Ce qui, sur le papier, devait être une rejouissante comédie ne tarde pas à tourner étrangement: en pleine représentation des Joyeux démons, les Hommes de Westfield , une des troupes les plus célèbres à Londres en cette fin du XVIème siècle, sont soudainement confrontés sur scène à une créature sortie tout droit de l’enfer. Bientôt, ce sont d’autres interventions mystérieuses qui viennent troubler le cours normal des représentations. Nicholas Bracewell et les siens ne seraient-ils pas aller trop loin en croyant pouvoir rire de tout, même des puissances démoniaques? Dans une Angleterre où se renforce chaque jour le pouvoir des puritains, il va leur falloir jouer serré pour remonter jusqu’à l’origine mystérieuse de la malédiction qui les frappe.

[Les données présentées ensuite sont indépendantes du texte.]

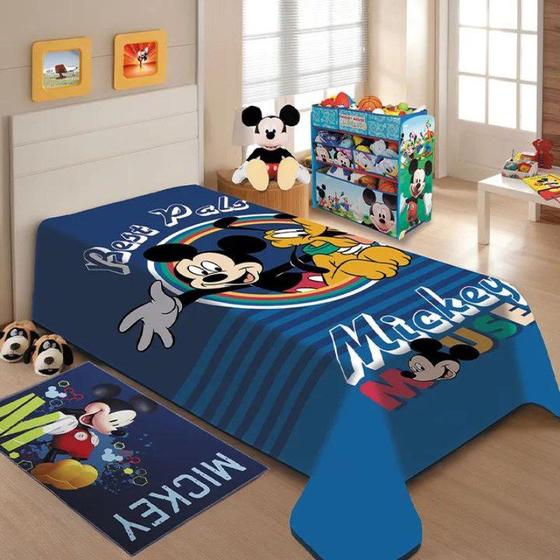 Imagem de Cobertor Solteiro Raschel Plus 1,50 X 2,00m Juvdisney Mickey Jolitex  Best Pals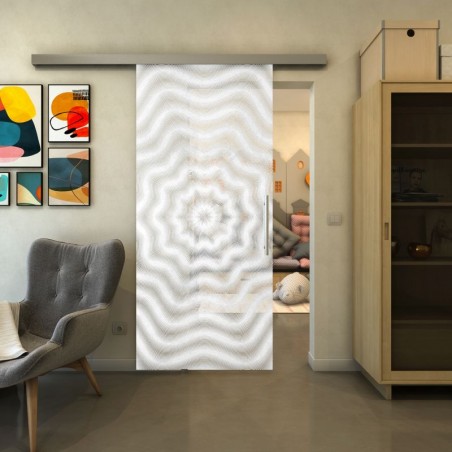 Glasschiebetür SLIM-LINE - Fineprint Model 064 Weiss auf Klarglas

Ce deuxième volume des Enquêtes de Nicholas Bracewell est dans la ligne du premier. Une intrigue ici un peu plus serrée, plus complexe, moins formelle qui joue habilement des coups de théâtre sur scène comme dans la vie. Une reconstitution habile du théâtre à Londres à la grande époque du drame elisabéthain. Voilà les principaux ingrédients d’une recette qui marche bien. La critique puritaine du théâtre, la condition des malades mentaux dans les asiles d’aliénés de l’époque, le goût pour l’alchimie et l’astrologie, ainsi qu’une obscure affaire de spoliation donnent au récit le contexte d’enquête historique qui fait l’intérêt aussi de la série. Bref, on passe un bon moment. Et c’est cela qui compte ! Du coup, je me suis plongé, à peine celui-ci fini, dans le 3ème volume. A suivre donc encore…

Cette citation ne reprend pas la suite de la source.